§ **Available data**

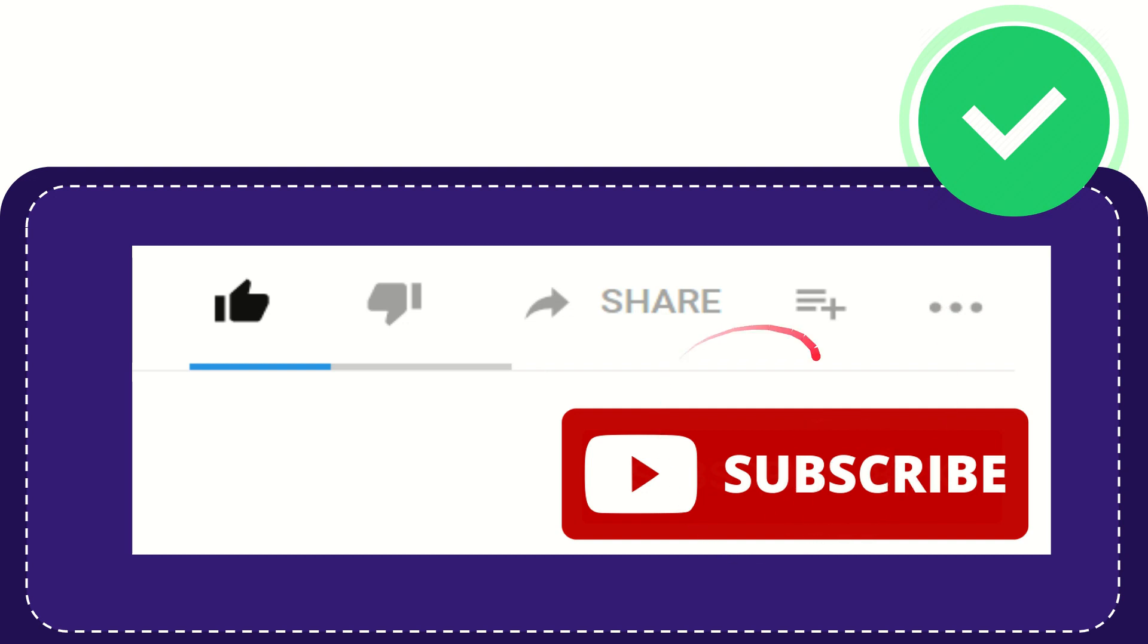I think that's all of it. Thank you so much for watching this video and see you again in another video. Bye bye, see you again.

---

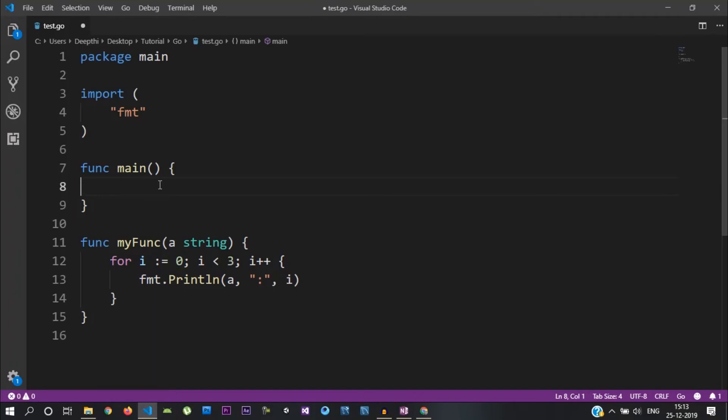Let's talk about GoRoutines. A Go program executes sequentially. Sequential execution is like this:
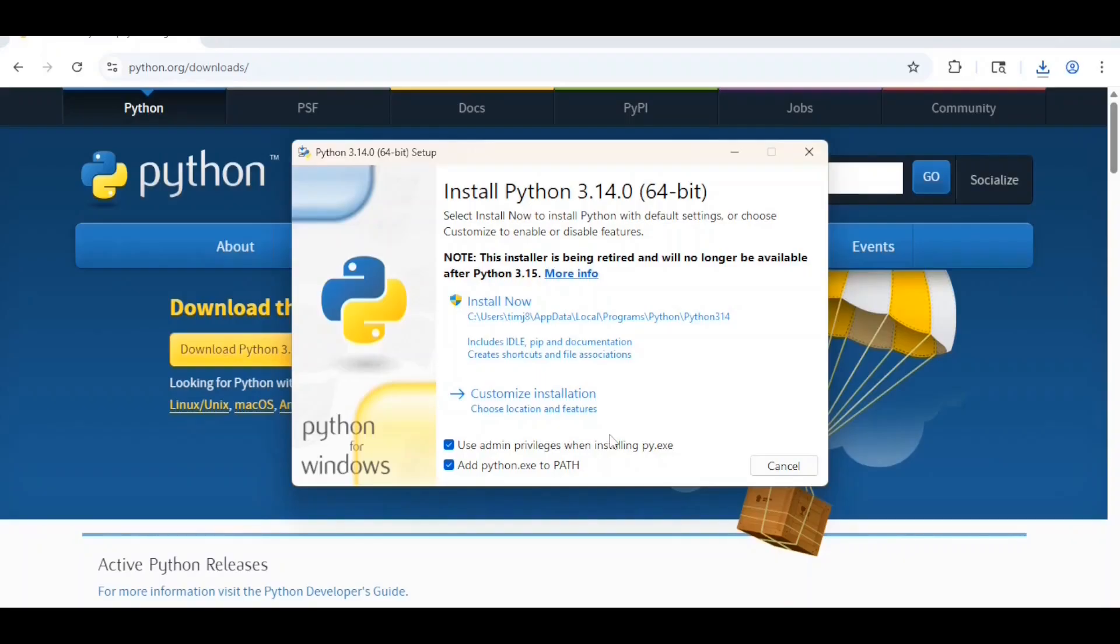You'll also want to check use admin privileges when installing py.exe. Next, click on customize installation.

---

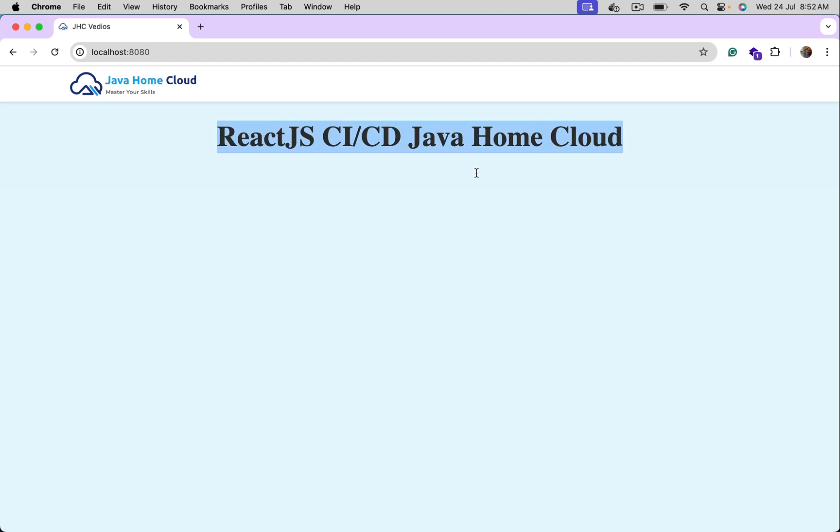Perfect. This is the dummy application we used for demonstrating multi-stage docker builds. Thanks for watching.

§ **Directions**
Using the material above, reproduce only the lines that run from the line with "Let's talk about" up to and including the line with "You'll also want", exactly, with the pictures dropped.

§ **Written response**
Let's talk about GoRoutines. A Go program executes sequentially. Sequential execution is like this:
You'll also want to check use admin privileges when installing py.exe. Next, click on customize installation.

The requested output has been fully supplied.